There was supposed to be something new - and interesting - about the current election, though. This election had been claimed as the first election where blogs would make some kind of difference. But what that difference is - beyond mostly sneering at the opposition parties, and the mainstream media - we have yet to see.



Of course, there are some good political blog and a few excellent ones, but most of them have suffered from the same difficulties as what they like to call the MSM, a lack of anything of real substance to write about.



During this election, most of the political blogs have become the online equivalent of the Sealed Knot and other such societies that exist to re-create the battles of yesteryear. Blogs of the right and left still appear to be fighting the quaint old class wars of the 19th and 20th centuries. I could have sworn I saw one right-wing blog call Tony Blair a socialist - really, how quaint can you get?



Reading the majority of the political blogs - at times - seemed almost akin to stepping back into the muddy fetid trenches of the class wars of the 70s and early 80s. But then, as the Labour party has already dumped its socialist past, and the Conservatives will have to dump their more rabid free-market, anti-immigration, anti-EU, anti-modern world dinosaurs too if they are going to survive past the beginning of the 21st century, it seems as though the blogs will be the only place to see these unreconstructed political obsessives in something akin to their natural habitat - boring all and sundry at the local political club bar.



A far more knicker-wettingly exciting prospect for politicians, their whores and groupies will be the fate of all three major party leaders from Friday onwards.



Blair is the easy one. Once he has outdone his spiritual mother - the blessed Margaret - and beaten her record of days in office he will feel he has proved something - even if only in the narrow confines of his own mind - and make way for Brown at long last. For those of us who vote Labour in spite of Blair, and not because of him, it will be a day of quiet relief.

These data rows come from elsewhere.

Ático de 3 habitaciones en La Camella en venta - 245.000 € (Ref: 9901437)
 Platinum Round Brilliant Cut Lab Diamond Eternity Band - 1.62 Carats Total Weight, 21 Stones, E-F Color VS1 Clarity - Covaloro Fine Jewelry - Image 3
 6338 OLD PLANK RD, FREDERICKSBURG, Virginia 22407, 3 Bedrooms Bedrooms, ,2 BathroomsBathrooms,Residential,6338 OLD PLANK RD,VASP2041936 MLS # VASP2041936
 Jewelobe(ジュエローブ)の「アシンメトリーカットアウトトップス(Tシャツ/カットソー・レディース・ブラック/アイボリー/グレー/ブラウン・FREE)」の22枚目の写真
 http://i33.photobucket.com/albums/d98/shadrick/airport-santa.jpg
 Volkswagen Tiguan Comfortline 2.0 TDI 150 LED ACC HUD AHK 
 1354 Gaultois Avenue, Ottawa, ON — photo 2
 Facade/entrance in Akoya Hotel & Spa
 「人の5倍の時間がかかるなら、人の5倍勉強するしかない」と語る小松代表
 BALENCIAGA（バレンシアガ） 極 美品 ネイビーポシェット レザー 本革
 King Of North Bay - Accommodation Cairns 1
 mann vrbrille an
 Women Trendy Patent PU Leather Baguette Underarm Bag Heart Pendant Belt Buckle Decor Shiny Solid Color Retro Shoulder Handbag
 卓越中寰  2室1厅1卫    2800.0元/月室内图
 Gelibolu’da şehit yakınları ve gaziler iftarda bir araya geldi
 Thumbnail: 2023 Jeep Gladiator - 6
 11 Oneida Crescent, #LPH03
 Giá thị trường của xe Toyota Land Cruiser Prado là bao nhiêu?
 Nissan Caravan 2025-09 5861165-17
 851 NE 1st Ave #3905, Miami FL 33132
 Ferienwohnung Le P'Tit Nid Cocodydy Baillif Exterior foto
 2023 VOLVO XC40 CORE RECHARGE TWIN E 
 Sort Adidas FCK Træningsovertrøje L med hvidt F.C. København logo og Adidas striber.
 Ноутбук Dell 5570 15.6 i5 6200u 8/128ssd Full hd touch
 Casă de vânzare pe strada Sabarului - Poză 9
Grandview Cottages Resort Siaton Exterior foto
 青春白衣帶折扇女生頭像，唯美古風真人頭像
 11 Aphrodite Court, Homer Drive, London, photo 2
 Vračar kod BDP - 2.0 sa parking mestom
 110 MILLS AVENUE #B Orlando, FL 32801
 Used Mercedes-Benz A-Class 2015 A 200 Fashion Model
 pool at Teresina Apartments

All in all, Kennedy has been a failure for the Lib Dems, seemingly unable to capitalize on all the gifts he has been given by the woeful inadequacies of the other two parties. At times, he seems to be becoming a kind of invisible man, the more you see of him the less there seems to be of him. He seems - at times to be lost and out of his depth, even in the shallows of this campaign. The Lib Dems too have fallen victim to the ideological timidity and lack of vision that seems to permeate the entire current crop of parties. So, their claim of being a real alternative is as hollow as a very hollow thing indeed.



Even the loony parties: Respect, UKIP, Greens and so on and on and on - can only define themselves by what - usually single-issue - they are against, rather than offering any kind of vision of society in their particular bright and shiny future.



Then there is Michael Howard - oh dear. Deary, deary me. I never used to believe it, dismissing it as something akin to an Old Wives Tale, but my jaw really did drop on the day the Tories announced her would be taking over as their leader. Major, Hague, IDS - then Howard. It seemed that the party was so intent on reaching further and further into the barrel that by the time they were scraping their collective fingernails on the barrel bottom in order to grasp at Howard they were so deep inside that barrel they'd completely lost touch with the outside world. In retrospect, it is hardly surprising that the barrel has tipped over and is now rolling off down the hill accelerating towards electoral oblivion.



The simple answer is that politics has failed. All its great utopian schemes - of right and left - have floundered in the face of reality, leaving us with at best this dull grey managerialism. After the failures of the 20th century, it seems unlikely that any utopian vision will ever be able to survive the cynicism and doubt of the people. Maybe the bland empty faces of Blair, Major, Bush Clinton - promising nothing but more of the same, but in a slightly different suit - are the faces of our political future.



If you want a picture of the future, imagine a grey man in his underpants eating peas FOREVER!